Thanks Stacey. I also talked with Cheryle at Old Mountain and she said Dawnland had her at one point, then sold her and now she's deceased... so i'll have to check and see if they have a photo of her...Cheryle sent me one of her as a kid. I'm trying to find a pic of her udder.


----------



## CrazyAcre (Jan 7, 2010)

Hi there, 
I had Old Mountain Farm Almond Joy, and unfortunately she died on my watch..
It happened very quickly..

Anyway, I have looked for pictures of her udder, and I have not found any yet.. 
I will try my other pc to see if there is some on there.
I don't remember that much about it, I'm sorry, but she only had a single buck kid while here, that was wethered, she also came to me with her than 18 month old daughter who was still nursing.. So longevity there.. Her daughter has since gone onto another herd. And as far as I know her daughter has not yet freshened.

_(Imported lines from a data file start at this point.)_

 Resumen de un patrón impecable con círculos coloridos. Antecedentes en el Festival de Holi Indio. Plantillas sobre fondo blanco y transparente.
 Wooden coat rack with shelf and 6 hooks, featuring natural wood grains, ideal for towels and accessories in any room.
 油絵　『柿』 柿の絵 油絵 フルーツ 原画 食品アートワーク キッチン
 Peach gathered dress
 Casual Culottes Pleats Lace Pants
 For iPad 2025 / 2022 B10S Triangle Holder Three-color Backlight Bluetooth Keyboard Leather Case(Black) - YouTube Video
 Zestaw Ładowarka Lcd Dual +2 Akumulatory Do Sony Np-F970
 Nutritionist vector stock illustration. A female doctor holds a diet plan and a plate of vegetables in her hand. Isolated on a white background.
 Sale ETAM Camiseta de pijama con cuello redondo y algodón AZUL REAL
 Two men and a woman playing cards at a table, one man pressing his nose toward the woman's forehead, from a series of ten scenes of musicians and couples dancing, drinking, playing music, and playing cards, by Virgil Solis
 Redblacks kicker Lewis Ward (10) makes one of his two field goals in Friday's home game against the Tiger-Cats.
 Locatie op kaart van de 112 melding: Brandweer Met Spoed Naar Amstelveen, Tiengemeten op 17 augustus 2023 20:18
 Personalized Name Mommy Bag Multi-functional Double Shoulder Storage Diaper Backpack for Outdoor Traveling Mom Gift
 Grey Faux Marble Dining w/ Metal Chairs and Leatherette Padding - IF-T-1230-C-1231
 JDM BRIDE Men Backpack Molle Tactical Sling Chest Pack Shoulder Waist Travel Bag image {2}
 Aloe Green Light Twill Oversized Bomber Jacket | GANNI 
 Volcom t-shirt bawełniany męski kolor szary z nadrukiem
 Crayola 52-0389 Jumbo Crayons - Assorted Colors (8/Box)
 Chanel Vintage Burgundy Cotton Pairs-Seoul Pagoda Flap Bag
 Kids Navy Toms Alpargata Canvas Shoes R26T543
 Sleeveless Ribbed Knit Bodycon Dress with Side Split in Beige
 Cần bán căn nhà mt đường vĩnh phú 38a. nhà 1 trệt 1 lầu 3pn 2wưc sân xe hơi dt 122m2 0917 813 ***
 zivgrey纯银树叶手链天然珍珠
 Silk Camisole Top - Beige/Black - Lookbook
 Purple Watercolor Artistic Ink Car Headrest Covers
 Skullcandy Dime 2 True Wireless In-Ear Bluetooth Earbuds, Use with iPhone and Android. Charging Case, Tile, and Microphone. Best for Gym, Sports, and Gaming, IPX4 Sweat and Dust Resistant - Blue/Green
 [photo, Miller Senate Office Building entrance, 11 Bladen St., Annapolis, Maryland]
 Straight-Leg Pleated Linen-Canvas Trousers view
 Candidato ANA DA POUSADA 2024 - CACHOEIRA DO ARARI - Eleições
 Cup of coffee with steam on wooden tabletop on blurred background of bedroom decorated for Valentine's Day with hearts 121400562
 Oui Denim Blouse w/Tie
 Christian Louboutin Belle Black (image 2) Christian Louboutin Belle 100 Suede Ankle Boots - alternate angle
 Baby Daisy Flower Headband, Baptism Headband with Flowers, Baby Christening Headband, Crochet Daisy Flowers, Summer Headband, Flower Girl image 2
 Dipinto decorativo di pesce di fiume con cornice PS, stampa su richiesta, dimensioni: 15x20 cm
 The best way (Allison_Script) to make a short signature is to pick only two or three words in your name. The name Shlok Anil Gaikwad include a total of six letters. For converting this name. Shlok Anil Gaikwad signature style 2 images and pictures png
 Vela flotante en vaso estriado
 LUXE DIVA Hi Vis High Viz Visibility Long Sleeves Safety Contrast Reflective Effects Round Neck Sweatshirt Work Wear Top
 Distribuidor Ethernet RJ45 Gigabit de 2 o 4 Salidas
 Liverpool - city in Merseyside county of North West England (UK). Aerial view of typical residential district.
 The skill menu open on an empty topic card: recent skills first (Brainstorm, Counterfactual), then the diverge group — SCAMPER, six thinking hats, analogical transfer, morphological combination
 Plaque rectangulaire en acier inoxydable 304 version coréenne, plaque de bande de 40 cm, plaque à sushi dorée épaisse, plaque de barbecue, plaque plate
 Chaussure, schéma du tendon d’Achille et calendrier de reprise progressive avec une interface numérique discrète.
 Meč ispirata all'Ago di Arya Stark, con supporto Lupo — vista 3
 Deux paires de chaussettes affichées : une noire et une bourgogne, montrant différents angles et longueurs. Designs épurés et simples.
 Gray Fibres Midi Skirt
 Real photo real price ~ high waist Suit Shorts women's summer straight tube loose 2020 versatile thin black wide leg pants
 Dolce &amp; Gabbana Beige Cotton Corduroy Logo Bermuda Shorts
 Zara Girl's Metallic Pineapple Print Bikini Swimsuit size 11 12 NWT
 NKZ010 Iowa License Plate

I do own her 1/2 sister out of her dam Hazelnut and Uproar, she will hopefully freshen this coming spring, and I can get a picture of her udder when she does..
Not sure if you have one of Joy's offspring or a relative whom you need the picture for..


----------



## KW Farms (Jun 21, 2008)

Barb, thanks for the reply! I really appreciate your help. I sent Dawnland an email to see if they have any info. on how they liked her udder. We'll see if they have any photos or info. If you run across any photos that would be awesome if you could email them to me. 

The reason i'm after a photo of her udder is...if all goes planned...I am purchasing Joy's full brother. He had been at a nice herd in Oregon for quite awhile and had produced some beautiful kids and from the udders I saw from a few of his daughters, I'm impressed, so the udder quality is there...it would just be nice to see his sister's udder so I can get a better idea of who I should breed him to. Didn't want to mention anything until the deal was finalized, but i'm going to pick him up on Thursday...so I'm pretty sure it's a done deal. 

Anywho, i'm pretty excited to add him to the herd...i'll start a new thread when I get him home.


----------



## TinyHoovesRanch (Jan 16, 2010)

Congrats Kylee!!!


----------



## meadowsweetmama (Nov 24, 2010)

Hi I didn't have the pleasure of knowing Joy but I do know she was a VERY heavy milker. Her daughter Dawnland Chock Full O" Nuts is a lovely broken red and is also a fairly heavy milker. Her 2011 daughter has a lot of potential I think. We are growing her up now and has a very similar body type. Do you have kids by Joy or her progeny??


----------